Nationwide, smaller ports have increasingly become viable alternatives to congested coastal docks.
The Port of Cleveland, which ranked 49 out of 50 on the Bureau of Transportation Statistics’ 2020 list of top U.S ports, reported a 69% increase in “tonnage” in 2021. Officials at the Port of Cleveland told FOX Business a significant increase in goods both in and out of containers, as well as iron ore shipments, drove the increase.
Smaller U.S. ports offer potential solution for supply chain delays. (Stephen Goin / Fox News)
Jade Davis, the executive vice president of external affairs at the Port of Cleveland, said more shipping companies used the inland port last year to avoid crowded east and west coast hubs.
“We end up seeing some ships that diverted from the coasts and couple ships came all they around the Panama Canal,” Davis said. “What you don’t see [here] is a bunch of ships sitting out in the harbor, because of that we offer companies the opportunity to procure goods quicker and get them on and off ships quicker.”
Davis explained some companies that used the port had even chartered their own small ships to dictate where their goods would enter the country.
The Port of Cleveland reported a 69% increase in “tonnage” in 2021. (Stephen Goin)
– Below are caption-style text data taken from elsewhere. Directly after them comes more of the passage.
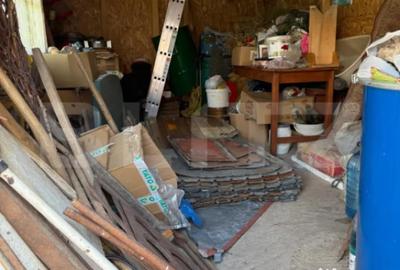 Casă cu 4 camere cu Teren 1053 Mp în Central - 6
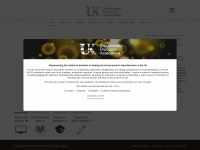 Ukspassociation.co.uk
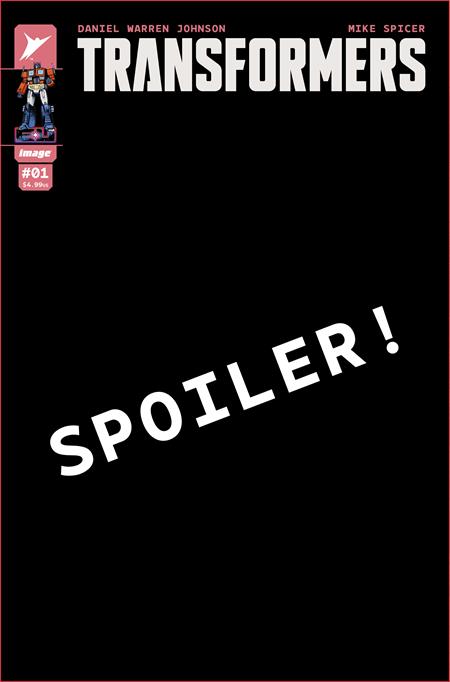 TRANSFORMERS #1 | CVR H INC 1:100 IAN BERTRAM VARIANT | PRE-ORDER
“They’re just calling our port operators and saying, ‘Do you have room and when because we’re worried about various backups?’” Davis added.
Across the country, other small ports are angling for some of the additional business overflowing from major U.S. ports.
In Florida, Gov. Ron DeSantis has pitched the state’s 15 seaports as the relief the U.S. needs, saying local harbors “are used to operating around the clock.” And in Texas, Gov. Greg Abbott launched an “Escape California” campaign aimed at attracting carriers to the Gulf Coast.